We have seen group practices generating over $1 million in revenue where the owner is taking home less than a well-run solo practice — while working significantly more hours and carrying significantly more liability and administrative weight. The number is not the story. The profit is the story.
If you grow to multiple six figures, please pay your clinicians well. We are not asking you to sacrifice your own income — we are asking you to do the math in a way that makes both possible. The mental health field is chronically underpaid. Group practice owners have real power to change that for the clinicians in their care. We've worked with practices that pay well, profit well, and treat their teams as the humans they are. It's possible. Build that into your model from day one.

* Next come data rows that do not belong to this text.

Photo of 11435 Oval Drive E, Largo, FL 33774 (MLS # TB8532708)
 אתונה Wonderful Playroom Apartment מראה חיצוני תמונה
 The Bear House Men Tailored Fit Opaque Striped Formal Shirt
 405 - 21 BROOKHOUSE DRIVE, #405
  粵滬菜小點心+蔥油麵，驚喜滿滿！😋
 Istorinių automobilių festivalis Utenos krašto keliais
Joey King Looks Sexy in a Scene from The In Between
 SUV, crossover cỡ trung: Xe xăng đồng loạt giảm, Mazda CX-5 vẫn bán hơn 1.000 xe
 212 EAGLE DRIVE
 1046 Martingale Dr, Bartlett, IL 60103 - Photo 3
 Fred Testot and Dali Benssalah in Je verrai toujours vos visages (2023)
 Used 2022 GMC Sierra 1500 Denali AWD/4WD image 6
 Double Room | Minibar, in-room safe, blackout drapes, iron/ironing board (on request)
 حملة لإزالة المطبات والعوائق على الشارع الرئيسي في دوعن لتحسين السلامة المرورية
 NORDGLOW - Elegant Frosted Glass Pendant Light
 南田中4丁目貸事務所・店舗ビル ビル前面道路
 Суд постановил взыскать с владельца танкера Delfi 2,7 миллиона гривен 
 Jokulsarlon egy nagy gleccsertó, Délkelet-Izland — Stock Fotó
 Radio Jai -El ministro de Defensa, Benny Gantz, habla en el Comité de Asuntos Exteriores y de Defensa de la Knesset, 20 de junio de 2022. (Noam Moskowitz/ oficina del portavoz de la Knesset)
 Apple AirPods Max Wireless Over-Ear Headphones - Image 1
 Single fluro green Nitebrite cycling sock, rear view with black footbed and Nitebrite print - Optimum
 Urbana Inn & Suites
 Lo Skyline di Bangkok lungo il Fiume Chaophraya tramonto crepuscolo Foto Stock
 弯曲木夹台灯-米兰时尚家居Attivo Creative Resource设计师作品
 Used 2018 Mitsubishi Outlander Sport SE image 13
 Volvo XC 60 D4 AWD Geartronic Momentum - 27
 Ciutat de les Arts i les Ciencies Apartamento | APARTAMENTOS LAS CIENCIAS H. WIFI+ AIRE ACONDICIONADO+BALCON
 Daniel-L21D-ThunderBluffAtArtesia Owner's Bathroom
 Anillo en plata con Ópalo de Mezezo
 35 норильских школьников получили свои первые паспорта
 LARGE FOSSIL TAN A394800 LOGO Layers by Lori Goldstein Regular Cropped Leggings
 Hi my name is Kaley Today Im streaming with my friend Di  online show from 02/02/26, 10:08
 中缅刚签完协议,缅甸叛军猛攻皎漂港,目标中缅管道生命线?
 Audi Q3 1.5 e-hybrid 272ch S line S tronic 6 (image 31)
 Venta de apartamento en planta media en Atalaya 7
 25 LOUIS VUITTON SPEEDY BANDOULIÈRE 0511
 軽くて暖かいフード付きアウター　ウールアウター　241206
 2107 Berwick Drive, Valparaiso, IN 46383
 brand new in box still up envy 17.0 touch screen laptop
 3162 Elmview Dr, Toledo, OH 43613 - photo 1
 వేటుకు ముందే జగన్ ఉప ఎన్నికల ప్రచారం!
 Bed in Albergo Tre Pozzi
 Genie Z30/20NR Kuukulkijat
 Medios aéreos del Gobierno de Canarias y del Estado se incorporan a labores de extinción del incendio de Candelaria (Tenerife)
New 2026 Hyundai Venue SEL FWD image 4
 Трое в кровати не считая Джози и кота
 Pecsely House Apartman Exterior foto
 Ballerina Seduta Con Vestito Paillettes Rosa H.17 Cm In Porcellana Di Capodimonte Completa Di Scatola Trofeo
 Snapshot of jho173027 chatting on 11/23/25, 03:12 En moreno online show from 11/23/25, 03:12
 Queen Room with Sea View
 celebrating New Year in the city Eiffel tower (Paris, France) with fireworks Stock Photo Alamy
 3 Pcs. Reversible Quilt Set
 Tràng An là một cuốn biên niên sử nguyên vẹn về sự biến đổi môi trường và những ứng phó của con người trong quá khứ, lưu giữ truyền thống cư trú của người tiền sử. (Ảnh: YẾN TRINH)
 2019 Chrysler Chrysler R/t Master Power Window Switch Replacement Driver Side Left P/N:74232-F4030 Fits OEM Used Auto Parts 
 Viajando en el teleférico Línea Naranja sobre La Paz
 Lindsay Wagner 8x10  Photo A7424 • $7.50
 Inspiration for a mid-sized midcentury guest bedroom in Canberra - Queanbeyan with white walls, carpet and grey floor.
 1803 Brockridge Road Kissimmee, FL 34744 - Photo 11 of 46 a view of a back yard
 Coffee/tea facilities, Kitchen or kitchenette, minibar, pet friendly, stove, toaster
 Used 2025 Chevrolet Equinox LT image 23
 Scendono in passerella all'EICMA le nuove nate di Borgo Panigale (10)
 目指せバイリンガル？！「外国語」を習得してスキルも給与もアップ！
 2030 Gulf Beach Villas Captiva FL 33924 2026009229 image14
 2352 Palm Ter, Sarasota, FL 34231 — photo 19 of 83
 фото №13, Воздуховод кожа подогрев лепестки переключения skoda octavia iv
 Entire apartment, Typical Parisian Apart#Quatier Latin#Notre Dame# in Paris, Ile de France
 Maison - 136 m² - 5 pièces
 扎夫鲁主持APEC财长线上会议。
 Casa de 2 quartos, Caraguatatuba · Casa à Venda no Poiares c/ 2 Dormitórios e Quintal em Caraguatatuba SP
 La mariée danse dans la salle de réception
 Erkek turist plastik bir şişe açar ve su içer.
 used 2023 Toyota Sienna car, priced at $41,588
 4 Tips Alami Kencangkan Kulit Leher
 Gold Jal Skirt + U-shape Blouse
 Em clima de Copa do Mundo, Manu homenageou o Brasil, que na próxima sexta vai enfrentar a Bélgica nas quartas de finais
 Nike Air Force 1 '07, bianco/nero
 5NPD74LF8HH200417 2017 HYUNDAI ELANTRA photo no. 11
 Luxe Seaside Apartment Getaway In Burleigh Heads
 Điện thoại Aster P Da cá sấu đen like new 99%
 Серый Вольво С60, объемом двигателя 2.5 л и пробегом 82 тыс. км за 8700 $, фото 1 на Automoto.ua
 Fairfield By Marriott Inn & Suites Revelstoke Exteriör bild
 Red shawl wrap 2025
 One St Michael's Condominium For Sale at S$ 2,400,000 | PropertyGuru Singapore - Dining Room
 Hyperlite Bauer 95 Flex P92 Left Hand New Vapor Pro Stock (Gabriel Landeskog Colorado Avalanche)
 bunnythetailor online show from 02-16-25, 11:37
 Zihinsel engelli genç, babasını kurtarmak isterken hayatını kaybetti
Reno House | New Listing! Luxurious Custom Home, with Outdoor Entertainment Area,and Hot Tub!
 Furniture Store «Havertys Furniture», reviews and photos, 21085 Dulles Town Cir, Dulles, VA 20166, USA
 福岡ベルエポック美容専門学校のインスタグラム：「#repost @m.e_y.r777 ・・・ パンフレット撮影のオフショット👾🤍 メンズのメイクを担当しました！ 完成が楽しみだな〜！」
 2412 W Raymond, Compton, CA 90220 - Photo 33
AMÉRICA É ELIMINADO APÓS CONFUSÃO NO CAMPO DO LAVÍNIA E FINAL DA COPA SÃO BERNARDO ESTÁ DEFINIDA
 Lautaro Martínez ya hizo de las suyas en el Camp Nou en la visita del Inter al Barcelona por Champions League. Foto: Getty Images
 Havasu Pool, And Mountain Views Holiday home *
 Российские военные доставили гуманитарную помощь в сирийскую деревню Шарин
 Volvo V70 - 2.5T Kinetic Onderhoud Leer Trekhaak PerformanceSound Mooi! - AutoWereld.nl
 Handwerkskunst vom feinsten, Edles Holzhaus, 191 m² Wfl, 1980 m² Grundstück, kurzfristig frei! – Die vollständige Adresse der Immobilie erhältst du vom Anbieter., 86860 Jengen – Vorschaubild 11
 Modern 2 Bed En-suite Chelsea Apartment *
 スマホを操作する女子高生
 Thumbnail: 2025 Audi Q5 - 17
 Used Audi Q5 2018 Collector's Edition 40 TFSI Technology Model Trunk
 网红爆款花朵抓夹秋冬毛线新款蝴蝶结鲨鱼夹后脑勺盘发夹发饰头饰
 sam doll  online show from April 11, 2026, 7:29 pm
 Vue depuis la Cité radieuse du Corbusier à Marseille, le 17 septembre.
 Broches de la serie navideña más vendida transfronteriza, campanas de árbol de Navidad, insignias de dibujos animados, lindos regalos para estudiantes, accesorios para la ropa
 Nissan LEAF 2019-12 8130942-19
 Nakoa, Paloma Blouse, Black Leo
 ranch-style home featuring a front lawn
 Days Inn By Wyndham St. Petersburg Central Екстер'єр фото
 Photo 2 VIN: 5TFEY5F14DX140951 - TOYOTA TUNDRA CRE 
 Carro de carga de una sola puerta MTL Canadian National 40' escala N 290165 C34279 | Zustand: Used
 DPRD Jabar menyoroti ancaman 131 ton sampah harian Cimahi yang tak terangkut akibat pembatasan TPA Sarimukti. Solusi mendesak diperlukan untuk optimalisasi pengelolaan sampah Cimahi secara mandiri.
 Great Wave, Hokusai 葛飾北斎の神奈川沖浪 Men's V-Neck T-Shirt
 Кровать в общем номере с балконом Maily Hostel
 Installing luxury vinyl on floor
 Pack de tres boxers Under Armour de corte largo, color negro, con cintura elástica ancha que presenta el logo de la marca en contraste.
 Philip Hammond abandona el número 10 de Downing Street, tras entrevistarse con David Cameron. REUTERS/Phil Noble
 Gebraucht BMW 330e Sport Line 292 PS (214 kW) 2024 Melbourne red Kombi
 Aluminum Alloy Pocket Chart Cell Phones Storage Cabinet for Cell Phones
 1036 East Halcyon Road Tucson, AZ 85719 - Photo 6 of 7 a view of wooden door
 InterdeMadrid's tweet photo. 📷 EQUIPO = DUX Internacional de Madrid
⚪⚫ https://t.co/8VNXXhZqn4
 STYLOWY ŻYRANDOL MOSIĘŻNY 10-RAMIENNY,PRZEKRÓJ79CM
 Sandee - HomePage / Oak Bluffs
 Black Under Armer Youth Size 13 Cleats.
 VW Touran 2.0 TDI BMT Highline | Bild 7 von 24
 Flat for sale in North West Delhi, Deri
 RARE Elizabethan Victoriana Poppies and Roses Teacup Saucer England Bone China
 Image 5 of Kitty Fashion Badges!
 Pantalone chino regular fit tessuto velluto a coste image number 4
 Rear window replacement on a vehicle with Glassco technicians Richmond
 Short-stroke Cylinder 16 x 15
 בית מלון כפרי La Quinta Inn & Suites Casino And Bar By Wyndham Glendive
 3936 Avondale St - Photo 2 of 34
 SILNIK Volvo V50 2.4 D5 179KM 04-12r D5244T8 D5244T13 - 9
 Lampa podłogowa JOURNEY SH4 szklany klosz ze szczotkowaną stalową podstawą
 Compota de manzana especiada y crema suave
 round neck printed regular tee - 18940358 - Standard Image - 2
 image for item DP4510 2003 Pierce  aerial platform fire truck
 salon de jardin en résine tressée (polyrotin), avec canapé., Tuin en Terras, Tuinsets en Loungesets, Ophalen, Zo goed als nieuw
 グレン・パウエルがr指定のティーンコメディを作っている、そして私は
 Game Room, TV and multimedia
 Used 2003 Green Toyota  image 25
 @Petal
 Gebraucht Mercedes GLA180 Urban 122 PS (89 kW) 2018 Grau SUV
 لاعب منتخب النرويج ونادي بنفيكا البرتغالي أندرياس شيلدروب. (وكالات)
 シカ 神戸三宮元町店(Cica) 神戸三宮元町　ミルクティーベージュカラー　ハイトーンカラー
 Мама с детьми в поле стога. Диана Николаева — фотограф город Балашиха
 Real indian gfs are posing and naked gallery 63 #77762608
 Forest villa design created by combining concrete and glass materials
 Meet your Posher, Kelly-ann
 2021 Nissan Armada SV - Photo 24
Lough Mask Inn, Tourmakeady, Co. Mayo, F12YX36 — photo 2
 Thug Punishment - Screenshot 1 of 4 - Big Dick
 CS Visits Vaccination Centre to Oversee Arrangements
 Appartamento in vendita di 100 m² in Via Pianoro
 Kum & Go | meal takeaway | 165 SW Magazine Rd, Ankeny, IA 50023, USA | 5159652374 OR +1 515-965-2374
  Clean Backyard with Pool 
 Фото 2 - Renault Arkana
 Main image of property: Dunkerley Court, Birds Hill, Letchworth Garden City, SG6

The mindset shift that changes everything
Does this conversation make you uncomfortable? If you want to make money, you have to relate to it in a healthy way. We all carry money stories — linked to family of origin, to ancestral trauma, to systemic oppression, to the particular belief that helping people and making money are somehow in conflict. All of that is worthy of attention and healing.
But we want to be clear: there is nothing noble about being underpaid. A therapist who is financially stressed, overworked, and burning out is not serving their clients at the level they are capable of. The research on this is consistent. Financial stability and clinical excellence are not in tension — they support each other.
Miranda has said this many times: success for her means providing for her family while protecting her health. No amount of revenue is worth a relapse in her autoimmune disorder. For Kelly, success means the freedom to take real time off, invest in ongoing training, and show up fully for clients and community without the depletion that comes from a practice that was never built to sustain the person running it.
What does success mean for you? Specifically. Not in the abstract. A number, a schedule, a life. Define that first. Then build the practice that makes it possible.
What can a six-figure practice do for you?
Six figures leads to what in your life? More vacation time? A better life for your children? The ability to stop working evenings? Paying off your student loans within a decade instead of three? The freedom to refer out clients who aren't a good fit without panic? Name it. The goal isn't "six figures." The goal is the life that number makes possible — and the practice that sustains that life without costing you your health in the process.
Making money in private practice is genuinely doable. Making multiple six figures is also doable. And for some of you, six figures isn't the number that matters — what matters is a practice that fits your life and doesn't run you into the ground. Start there. Build from that.